A irritação do Ocidente com a Arábia Saudita poderia ter levado ao fim ou a uma diminuição da presença da monarquia do rei Salman na Guerra do Iêmen. No entanto, o presidente dos EUA, Donald Trump, reforçou os laços com os sauditas – manobra criticada por outros países ocidentais e por parlamentares aliados e opositores dentro do Congresso norte-americano.
A comunidade internacional também pede pressa para o fim do que a ONU chama de maior crise humanitária de 2018. As imagens de crianças à beira da morte por desnutrição severa correram o mundo, e pressionaram as autoridades internacionais a tentar encontrar uma solução para o conflito. Entenda mais abaixo.
Por que o Iêmen vive uma crise humanitária?
O Iêmen é o país mais pobre do Oriente Médio, e a pobreza data de antes do início da guerra. O país está na lanterna da região tanto em Produto Interno Bruto – segundo dados do Fundo Monetário Internacional – quanto em Índice de Desenvolvimento Humano – de acordo com a ONU.
Guerras, evidentemente, pioram os índices pelas perdas humanas e pela destruição e desmantelamento de setores importantes da economia. Mas o caso do Iêmen tem um elemento a mais que piorou a já combalida qualidade de vida do país: o bloqueio ao porto de Hodeida.

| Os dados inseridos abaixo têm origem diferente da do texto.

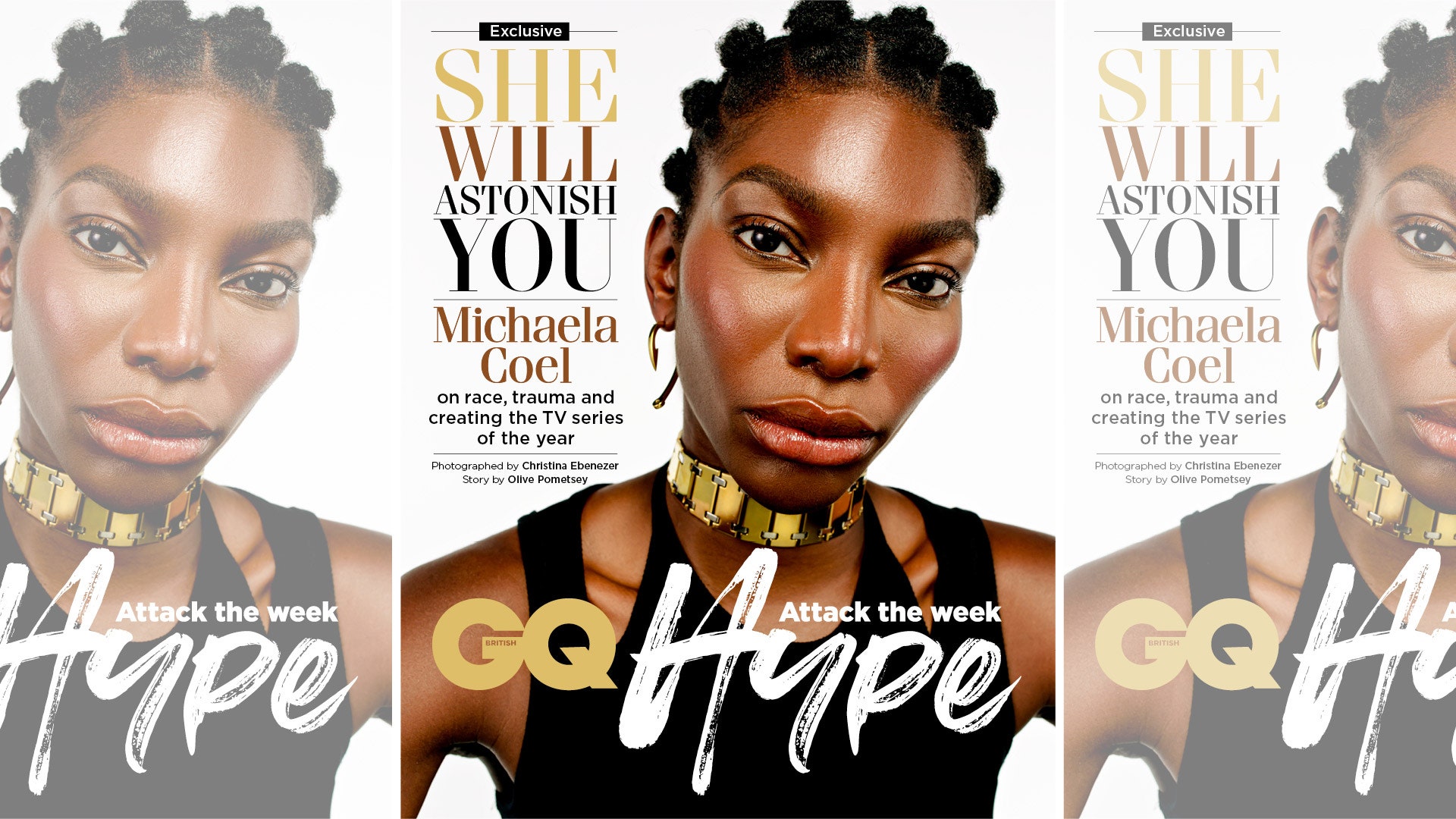 Michaela Coel: 'If you don't think racism exists, your trauma has made you blind'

Os bloqueios comerciais são impostos pelos sunitas sauditas, que impedem que ajuda humanitária e itens básicos, como comida, gás de cozinha e medicamentos, cheguem a 70% da população iemenita, apontou relatório da ONU.

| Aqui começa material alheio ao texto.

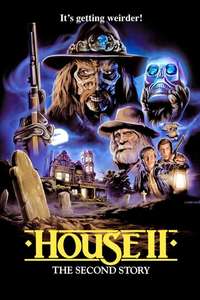 House II: The Second Story - Poster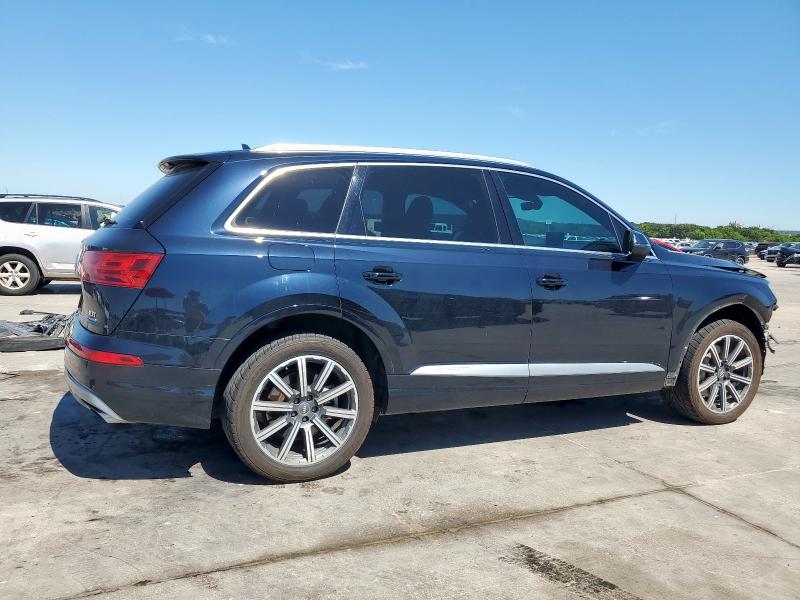 WA1LAAF72HD029762 - 2017 AUDI Q7 PREMIUM PLUS BLUE photo 3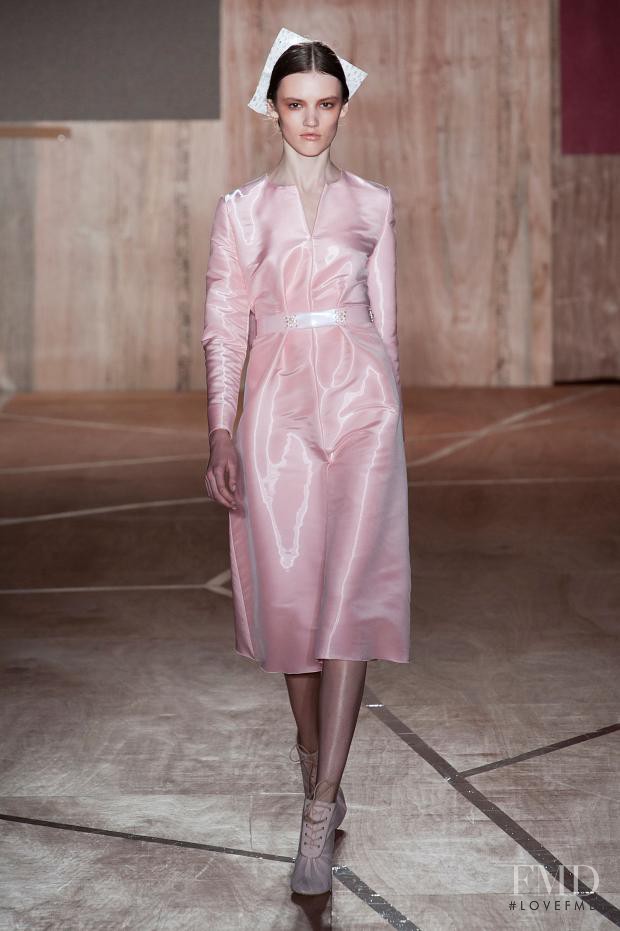 Roksanda Ilincic fashion show for Autumn/Winter 2013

Números da ONG Save The Children mostram que quase 85 mil crianças morreram de fome desde o início da guerra, em 2015 – mais uma vez, é difícil precisar o total de mortos no conflito devido à falta de uma imprensa livre no Iêmen e do isolamento do país.
Um dos poucos jornalistas que conseguiu entrar no Iêmen em guerra registrou a imagem da menina Amal Hussein, de 7 anos. A história, revelada pelo "New York Times", rodou o mundo e alertou para a gravidade do conflito no país. A criança morreu de desnutrição dias depois de a fotografia ir ao ar.
E como vai ser o 2019 do Iêmen?
Ainda é muito difícil dizer se a guerra vai acabar. Apesar do cessar-fogo em Hodeida, houve relatos de conflito na cidade logo depois de o acordo ser firmado na Suécia. Por isso, ainda não dá para dizer se o ano novo no Iêmen trará paz ao país.
"Embora houvesse esperança e otimismo ao fim da última sessão, os dois lados declararam vitória na volta para casa. E houve relatos de violação aos termos do acordo", ponderou o pesquisador Asher Orkaby, da Universidade de Harvard.
"Acordos internacionais chamam atenção, mas nem sempre produzem resultados tangíveis", afirmou Orkaby.
A ONU, então, prometeu fiscalizar de perto o fim das hostilidades em Hodeida. O enviado especial das Nações Unidas ao Iêmen, Martin Griffths, prometeu mandar forças de segurança à região para garantir o abastecimento do porto de Hodeida.
"Estar logo presente no local é uma parte essencial da confiança que precisa acompanhar a implementação deste acordo", afirmou Griffths a representantes do Conselho de Segurança da ONU.
Ainda assim, a libertação de Hodeida não define todo o ano do país. A crise entre houthis e governo continua, e dificilmente vai acabar tão cedo. Isso porque, para o pesquisador Orkaby, mesmo se os EUA retirarem o apoio armado à Arábia Saudita – que, por sua vez, participa ativamente no conflito – o conflito deve continuar. Afinal, segundo ele, outros países como China ou Rússia poderiam entrar na jogada.
"Parar de fornecer armas à Arábia Saudita soa bem à classe política, mas não resolverá, de fato, o problema", analisou Orkaby.
E, além disso, o pesquisador de Harvard assinala que guerra trata de questões internas talvez mais difíceis do que o xadrez geopolítico de EUA, Irã e Arábia Saudita.
"É, na verdade, o Iêmen descobrindo que tipo de país ele quer ser", comentou Orkaby.